USCHI REICH: Mich hat die Arbeit mit den Kindern gereizt. Obwohl die Dreharbeiten anstrengend und oft schwierig sind, bringen Kinder ganz andere Qualitäten als Erwachsene mit. Man fragt erwachsene Schauspieler immer, ob es schwierig sei, mit Kindern zu drehen - ich finde aber, dass sie eher von den Kleinen lernen können, nämlich unglaubliches Engagement und Direktheit.
Ich finde außerdem, dass sich Team und Schauspieler besser benehmen, wenn Kinder dabei sind.
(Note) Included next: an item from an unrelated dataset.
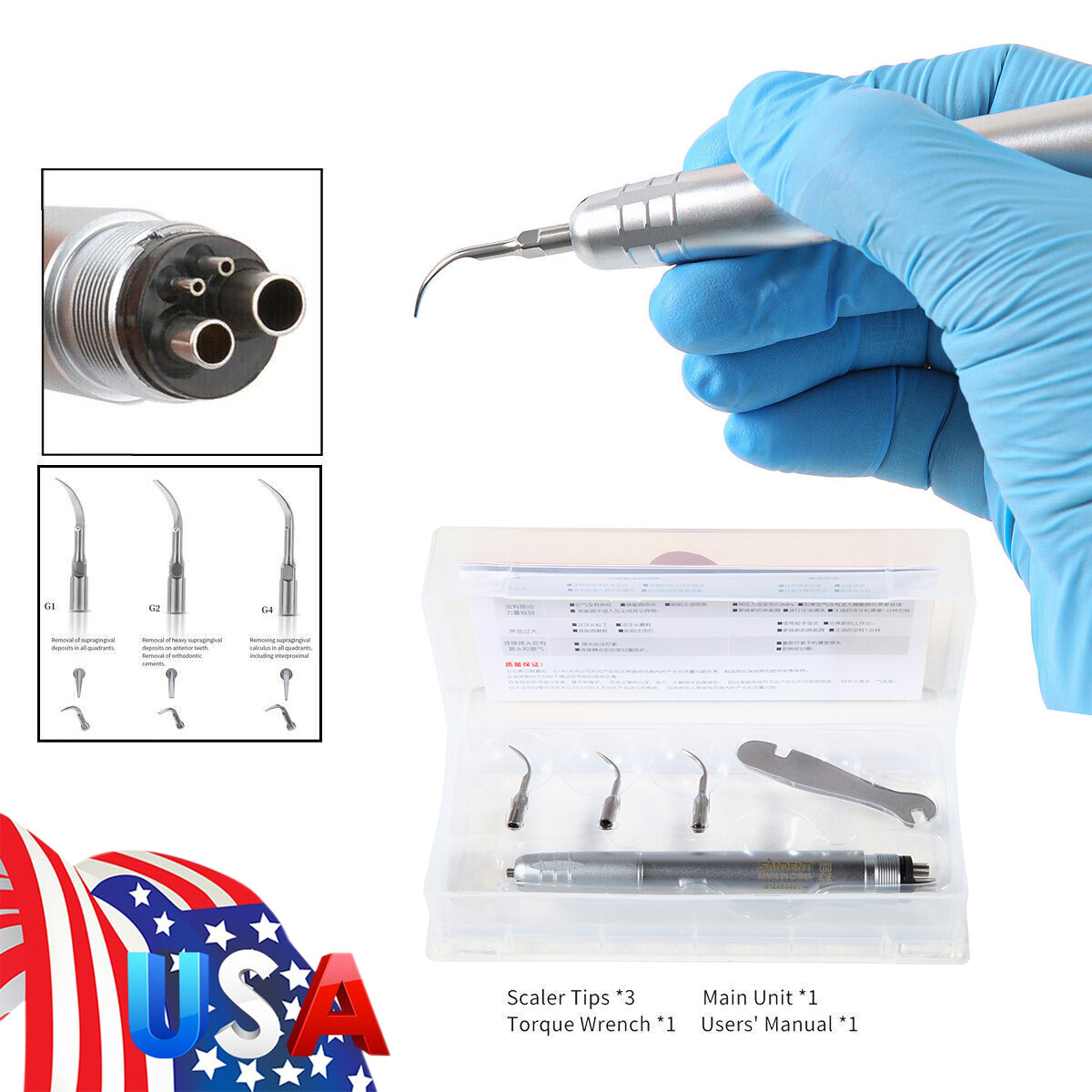 USA Dental Ultrasonic Air Perio Scaler Handpiece Hygienist 2 & 4-Holes 3 Tips CE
Sie wissen, dass die Kinder bei Streit und Eifersüchtelein unsicher werden und dann nicht mehr so spielen können, wie sie sollten.
VIVIAN NAEFE: Uschi Reich und ich sind schon lange in Kontakt und wollten immer einmal etwas gemeinsam machen. Vor zwei Jahren hat sie mir dann die Bücher von "Die wilden Hühner" in die Hand gedrückt und ich wusste sofort, dass das hundertprozentig etwas für mich ist.
VERONICA FERRES: Uschi Reich hat mir von dem Projekt erzählt und Vivian Naefe hat mir gesagt, wie sie meine Figur sieht - eine allein erziehende Taxifahrerin, die ihr Privatleben nicht auf die Reihe kriegt. Sybille ist ziemlich chaotisch und in ihrem Leben zwischen Beruf, dem Dasein als Mutter und als Vaterersatz ständig überfordert. Das hat für mich eine große Aktualität und ein Identifikationspotenzial, was mich sehr gereizt hat.
Zeigte den Mädchen beim Dreh, wo es langgeht: die Regisseurin Vivian Naefe (Foto: Constantin)
» Hatten Sie als Kind auch eine Clique wie die wilden Hühner?
FERRES: So eine Bande hatte ich nicht - dafür aber zwei ältere Brüder. Bei deren Jungsbande wollte ich immer dazugehören und lief jahrelang mit Latzhose und Schiebermütze herum. Das war für meine Geschwister natürlich uncool - die kleine Schwester, die ihnen immer nachrennt. Wenn ich mal bei meinen Brüdern dabei sein durfte, musste ich Mutproben bestehen, wie zum Beispiel von einer hohen Ziegelmauer springen, Wache schieben oder etwas aus der Küche stibitzen.
REICH: Ich war auf einer Jungenschule mit nur drei Mädchen; ich hatte also keine solche Clique. Was ich bei den wilden Hühner so toll finde, ist, dass sie den Alltag miteinander leben - das hätte ich auch sehr bereichernd gefunden.
NAEFE: Ja, ich hatte eine Clique, wir waren aber nicht so cool. Das Tollste für uns war, Hütten im Wald zu bauen und zu Hause Lebensmittel zu klauen, um in unserem Wald-Zuhause etwas zu essen zu haben. Den Jungs Streiche zu spielen - davon haben wir immer nur geträumt.